Yamana Stock- Gold miners eye London, New York listings as Toronto loses shine
TORONTO/JOHANNESBURG (Reuters) – Gold miners in Canada keen to tap new investors are eyeing secondary listings in London and New York, underscoring pent-up demand for the precious metal from generalist funds.
That has fuelled a cash surge for miners, who have hiked dividends and pledged cost discipline to broaden their appeal beyond a shrinking pool of resource-only investors.
A listing in New York or London opens the door for miners’ shares to be included in many more exchange-traded funds (ETFs) – guaranteeing substantial liquidity and broadening their investor basis further.
“There is a lot of dumb money sloshing around in London in the mining space, and the gold miners want to soak it up,” said Henry Steel, London-based portfolio manager at Odey Asset Management, which manages $4.9 billion.
That would help plug a large gap here in the London market left by Barrick Gold‘s 2018 tie-up with Randgold Resources, which had been listed in London. Mining company listings in London have slowed in recent years.
GRAPHIC-Mining IPOs on the London market
Canada’s Yamana Gold Inc and Endeavour Mining are among those weighing secondary listings.
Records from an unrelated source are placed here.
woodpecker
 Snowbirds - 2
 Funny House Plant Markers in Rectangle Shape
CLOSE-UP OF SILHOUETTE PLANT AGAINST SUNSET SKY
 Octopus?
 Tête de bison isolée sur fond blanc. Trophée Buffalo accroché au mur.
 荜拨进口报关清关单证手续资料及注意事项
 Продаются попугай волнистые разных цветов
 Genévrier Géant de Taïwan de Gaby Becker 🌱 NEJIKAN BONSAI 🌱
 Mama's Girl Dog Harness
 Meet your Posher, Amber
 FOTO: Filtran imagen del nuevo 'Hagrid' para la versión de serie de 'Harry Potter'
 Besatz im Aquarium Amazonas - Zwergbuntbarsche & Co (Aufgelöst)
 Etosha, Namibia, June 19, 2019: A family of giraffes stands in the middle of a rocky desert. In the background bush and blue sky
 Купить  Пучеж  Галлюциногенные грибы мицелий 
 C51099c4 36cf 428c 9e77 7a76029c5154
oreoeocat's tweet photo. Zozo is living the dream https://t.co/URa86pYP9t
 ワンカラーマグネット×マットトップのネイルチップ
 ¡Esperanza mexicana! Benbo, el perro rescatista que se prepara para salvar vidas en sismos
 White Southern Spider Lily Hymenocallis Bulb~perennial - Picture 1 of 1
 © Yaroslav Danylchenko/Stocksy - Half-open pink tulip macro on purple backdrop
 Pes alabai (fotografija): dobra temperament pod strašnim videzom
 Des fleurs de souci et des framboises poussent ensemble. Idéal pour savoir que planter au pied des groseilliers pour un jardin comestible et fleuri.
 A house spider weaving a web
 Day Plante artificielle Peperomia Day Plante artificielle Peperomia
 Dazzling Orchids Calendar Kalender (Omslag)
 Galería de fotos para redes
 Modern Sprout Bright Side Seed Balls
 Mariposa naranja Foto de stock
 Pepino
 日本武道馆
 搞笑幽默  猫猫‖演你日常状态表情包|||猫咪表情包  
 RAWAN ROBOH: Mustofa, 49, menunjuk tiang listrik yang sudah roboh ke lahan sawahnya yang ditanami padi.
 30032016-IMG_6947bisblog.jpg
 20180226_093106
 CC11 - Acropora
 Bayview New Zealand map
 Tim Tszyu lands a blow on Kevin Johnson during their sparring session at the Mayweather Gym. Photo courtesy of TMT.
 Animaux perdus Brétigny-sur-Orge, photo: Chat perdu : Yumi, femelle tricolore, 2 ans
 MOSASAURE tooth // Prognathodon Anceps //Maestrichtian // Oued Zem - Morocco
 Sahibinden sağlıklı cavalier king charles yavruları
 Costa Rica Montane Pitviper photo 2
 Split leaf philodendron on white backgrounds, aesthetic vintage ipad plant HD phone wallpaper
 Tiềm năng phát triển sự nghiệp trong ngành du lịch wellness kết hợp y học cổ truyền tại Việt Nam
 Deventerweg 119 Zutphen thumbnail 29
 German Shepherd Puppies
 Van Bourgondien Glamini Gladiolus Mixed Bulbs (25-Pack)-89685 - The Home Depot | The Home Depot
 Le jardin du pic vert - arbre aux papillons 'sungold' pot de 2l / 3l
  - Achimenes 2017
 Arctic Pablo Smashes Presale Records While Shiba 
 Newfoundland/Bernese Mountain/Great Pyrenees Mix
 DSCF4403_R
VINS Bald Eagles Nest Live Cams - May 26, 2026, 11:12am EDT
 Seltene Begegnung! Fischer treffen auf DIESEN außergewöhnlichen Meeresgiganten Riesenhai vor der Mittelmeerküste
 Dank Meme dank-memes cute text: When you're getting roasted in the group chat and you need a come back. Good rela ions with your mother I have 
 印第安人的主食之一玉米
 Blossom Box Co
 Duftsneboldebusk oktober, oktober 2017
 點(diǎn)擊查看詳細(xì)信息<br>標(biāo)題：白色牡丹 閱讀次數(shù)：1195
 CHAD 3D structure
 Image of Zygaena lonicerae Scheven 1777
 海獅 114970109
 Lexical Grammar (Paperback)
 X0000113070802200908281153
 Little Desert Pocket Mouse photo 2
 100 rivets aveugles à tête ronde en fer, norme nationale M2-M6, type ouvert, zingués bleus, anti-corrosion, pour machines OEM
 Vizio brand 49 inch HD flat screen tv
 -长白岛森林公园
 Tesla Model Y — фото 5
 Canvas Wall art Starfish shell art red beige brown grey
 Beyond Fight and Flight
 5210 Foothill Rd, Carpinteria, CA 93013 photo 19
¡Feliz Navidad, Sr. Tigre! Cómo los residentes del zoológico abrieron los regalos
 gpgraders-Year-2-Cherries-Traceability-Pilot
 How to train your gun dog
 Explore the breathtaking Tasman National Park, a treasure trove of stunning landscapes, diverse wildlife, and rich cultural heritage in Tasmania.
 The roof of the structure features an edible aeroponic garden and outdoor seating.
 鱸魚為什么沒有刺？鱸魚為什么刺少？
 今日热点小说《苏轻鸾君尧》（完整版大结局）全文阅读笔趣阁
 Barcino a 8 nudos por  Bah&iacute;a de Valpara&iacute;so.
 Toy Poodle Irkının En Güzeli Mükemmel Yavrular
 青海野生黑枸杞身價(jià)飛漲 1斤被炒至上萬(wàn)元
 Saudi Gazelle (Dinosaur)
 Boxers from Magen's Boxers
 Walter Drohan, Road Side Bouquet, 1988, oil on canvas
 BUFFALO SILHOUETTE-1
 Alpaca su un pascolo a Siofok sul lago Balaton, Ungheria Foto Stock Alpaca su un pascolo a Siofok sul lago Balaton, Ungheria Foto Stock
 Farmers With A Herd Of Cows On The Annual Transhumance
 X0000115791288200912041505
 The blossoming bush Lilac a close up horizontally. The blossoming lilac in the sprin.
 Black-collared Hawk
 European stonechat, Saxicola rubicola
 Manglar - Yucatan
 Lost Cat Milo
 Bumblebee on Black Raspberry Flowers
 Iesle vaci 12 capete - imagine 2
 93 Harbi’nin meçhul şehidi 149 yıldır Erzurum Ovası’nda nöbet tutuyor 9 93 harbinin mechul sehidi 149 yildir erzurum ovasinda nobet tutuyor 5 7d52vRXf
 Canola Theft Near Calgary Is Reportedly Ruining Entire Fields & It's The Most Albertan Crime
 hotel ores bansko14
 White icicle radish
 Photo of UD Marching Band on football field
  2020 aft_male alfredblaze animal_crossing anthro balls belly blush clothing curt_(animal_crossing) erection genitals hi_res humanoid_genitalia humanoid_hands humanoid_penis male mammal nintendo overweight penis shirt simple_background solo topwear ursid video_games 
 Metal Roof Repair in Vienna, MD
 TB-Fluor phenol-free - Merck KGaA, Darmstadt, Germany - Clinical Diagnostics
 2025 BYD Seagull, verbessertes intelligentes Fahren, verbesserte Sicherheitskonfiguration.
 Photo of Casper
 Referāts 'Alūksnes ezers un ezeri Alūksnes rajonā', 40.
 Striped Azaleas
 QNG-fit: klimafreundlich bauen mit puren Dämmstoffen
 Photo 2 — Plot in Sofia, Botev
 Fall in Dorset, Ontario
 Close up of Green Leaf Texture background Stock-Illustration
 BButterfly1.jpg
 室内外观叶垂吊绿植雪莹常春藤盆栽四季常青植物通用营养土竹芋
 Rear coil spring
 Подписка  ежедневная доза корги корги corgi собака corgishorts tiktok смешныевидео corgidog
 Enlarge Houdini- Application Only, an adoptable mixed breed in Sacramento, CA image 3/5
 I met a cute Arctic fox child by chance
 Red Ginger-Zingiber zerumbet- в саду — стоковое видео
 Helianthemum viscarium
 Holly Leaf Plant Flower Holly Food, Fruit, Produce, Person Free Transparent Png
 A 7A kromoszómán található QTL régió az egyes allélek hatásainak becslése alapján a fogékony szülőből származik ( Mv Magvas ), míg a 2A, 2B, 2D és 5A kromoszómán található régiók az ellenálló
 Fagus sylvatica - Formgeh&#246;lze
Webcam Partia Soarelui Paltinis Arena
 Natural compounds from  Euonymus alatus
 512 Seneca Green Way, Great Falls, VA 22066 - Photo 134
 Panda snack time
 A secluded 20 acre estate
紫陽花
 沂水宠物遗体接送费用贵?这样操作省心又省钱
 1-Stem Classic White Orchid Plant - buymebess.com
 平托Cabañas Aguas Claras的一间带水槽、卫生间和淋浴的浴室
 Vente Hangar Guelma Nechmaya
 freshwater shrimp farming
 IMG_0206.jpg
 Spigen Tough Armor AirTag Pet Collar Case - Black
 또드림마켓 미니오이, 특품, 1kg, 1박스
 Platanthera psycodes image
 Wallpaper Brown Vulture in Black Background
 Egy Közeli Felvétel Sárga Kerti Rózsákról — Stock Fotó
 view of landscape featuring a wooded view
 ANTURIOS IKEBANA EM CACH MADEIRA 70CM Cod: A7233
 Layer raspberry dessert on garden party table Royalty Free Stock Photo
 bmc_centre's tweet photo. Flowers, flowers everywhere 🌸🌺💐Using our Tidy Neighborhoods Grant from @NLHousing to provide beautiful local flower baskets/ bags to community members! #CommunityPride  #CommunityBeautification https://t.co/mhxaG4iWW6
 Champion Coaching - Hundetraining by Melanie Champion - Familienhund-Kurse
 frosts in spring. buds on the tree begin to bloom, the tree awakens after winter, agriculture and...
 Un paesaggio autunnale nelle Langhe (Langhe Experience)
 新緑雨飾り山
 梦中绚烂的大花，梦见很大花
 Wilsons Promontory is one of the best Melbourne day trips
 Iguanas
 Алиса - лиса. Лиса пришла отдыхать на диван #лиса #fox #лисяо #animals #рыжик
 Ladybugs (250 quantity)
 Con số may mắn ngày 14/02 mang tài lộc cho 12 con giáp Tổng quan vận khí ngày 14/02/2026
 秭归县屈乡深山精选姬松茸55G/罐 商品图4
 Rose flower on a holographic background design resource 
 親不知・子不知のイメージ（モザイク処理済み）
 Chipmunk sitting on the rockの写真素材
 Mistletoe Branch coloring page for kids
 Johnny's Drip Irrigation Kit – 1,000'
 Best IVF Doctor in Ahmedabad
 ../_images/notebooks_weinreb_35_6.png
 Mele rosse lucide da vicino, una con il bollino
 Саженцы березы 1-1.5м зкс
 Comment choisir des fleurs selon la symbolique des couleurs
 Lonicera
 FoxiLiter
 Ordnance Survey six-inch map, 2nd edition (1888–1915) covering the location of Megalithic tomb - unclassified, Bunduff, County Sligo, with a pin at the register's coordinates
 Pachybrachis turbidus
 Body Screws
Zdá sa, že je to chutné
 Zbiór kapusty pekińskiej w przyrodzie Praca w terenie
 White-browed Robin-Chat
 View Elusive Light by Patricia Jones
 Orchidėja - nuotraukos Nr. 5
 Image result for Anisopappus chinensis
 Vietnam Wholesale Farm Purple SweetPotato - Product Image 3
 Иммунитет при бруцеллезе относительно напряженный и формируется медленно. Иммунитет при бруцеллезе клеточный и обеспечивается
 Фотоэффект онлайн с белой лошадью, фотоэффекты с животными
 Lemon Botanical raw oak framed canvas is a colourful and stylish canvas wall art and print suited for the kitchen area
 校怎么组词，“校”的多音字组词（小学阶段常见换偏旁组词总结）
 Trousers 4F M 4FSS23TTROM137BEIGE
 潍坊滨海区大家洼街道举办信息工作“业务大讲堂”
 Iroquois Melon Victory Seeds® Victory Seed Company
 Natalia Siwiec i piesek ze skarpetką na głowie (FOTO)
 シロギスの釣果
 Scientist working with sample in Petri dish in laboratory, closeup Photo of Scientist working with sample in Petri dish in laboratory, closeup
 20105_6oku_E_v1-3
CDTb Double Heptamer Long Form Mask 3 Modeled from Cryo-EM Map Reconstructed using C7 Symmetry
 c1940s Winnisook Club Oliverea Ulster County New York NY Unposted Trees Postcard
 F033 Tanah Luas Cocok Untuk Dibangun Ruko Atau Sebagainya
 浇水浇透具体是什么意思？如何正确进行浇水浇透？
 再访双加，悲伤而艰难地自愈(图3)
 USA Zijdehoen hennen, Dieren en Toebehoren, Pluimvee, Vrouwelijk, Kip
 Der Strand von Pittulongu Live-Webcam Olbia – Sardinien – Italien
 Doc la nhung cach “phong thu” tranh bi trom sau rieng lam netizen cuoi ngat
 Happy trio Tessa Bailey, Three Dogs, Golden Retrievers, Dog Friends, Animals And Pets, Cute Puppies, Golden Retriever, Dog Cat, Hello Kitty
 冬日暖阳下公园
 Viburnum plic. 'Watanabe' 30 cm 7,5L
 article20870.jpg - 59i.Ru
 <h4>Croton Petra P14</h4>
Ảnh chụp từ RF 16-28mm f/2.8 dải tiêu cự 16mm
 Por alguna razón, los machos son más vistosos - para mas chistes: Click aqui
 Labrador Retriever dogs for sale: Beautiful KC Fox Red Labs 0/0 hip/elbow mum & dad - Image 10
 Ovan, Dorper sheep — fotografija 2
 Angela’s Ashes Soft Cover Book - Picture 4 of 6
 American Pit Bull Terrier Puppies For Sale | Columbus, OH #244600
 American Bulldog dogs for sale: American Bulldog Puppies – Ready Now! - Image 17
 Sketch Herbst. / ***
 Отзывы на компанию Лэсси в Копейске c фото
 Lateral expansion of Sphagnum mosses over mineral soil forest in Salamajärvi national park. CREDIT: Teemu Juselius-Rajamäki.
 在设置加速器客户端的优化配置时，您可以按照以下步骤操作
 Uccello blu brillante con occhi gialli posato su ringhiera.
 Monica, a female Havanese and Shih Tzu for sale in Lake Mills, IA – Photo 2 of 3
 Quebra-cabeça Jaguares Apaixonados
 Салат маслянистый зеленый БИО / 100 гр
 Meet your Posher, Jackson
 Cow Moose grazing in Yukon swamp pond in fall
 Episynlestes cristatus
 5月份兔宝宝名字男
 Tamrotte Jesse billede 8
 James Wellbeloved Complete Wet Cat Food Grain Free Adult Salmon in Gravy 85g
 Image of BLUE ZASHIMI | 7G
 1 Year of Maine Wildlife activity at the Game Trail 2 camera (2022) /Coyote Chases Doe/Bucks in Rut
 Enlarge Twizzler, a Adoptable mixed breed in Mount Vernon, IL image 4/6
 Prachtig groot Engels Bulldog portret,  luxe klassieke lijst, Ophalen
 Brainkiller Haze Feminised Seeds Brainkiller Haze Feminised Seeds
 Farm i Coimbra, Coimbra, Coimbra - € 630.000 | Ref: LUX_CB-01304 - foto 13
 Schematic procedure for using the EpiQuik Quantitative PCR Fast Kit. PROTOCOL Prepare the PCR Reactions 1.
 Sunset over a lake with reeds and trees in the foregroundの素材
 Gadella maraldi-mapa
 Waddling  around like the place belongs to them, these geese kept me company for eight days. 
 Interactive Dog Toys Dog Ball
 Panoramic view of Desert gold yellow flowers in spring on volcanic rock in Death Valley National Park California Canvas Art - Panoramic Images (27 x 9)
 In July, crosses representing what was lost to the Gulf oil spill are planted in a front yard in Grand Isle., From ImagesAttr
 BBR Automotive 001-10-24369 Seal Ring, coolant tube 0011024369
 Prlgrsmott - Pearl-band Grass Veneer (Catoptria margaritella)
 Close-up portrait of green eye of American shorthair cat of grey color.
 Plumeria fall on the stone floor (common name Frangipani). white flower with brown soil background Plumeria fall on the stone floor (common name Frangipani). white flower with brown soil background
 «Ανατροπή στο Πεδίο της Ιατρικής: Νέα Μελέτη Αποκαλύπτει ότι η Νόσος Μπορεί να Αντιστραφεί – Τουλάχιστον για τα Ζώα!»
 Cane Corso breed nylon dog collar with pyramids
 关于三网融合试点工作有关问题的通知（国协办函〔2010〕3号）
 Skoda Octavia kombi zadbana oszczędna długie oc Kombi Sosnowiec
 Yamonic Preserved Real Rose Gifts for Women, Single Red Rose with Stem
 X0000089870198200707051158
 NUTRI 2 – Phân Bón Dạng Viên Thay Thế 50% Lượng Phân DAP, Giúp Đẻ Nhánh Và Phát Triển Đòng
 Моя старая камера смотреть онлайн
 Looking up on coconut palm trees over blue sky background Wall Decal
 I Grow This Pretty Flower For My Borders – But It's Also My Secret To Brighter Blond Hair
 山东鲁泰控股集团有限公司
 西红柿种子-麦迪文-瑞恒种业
Nearly half of global public mining companies are listed on the Toronto Stock Exchange and TSX Venture Exchange, owner TMX Group said.
But the number of mining IPOs and new issues in Toronto has fallen since 2018, indicating the market is losing some luster.
GRAPHIC-Toronto losing its shine for mining companies
In July, Yamana said it had applied for a secondary listing on the London Stock Exchange (LSE), which it said lacked sizeable pure-play gold producers with annual production of 1 million ounces or more.
There is “a good hand-to-glove fit of what is being looked for by investors and what we can offer,” said Peter Marrone, executive chairman of Yamana, in an interview.
Toronto-listed Endeavour said it would decide by year-end whether to pursue a secondary listing in either London or New York after completing its acquisition of rival Semafo.
The company’s management is London-based, making it a “natural landing for us,” Chief Executive Sébastien de Montessus said on a call.
London investors have more risk appetite and are more comfortable with the complexities of African mining jurisdictions than in Toronto or New York, said a Johannesburg-based banker. Endeavour mines in Mali and Burkina Faso.
“That’s an unquantifiable aspect that I think is driving London,” he said, declining to be named. Greenland-focused gold exploration firm AEX Gold listed on AIM, the LSE’s small company sub-market, on July 31.
“There’s definitely room for more,” said Paul Jourdan, CEO of Amati Global Investors in Edinburgh, which holds a 6.9% stake in AEX Gold.
“What AEX shows is that there is appetite in the London market, even for something early stage like that.”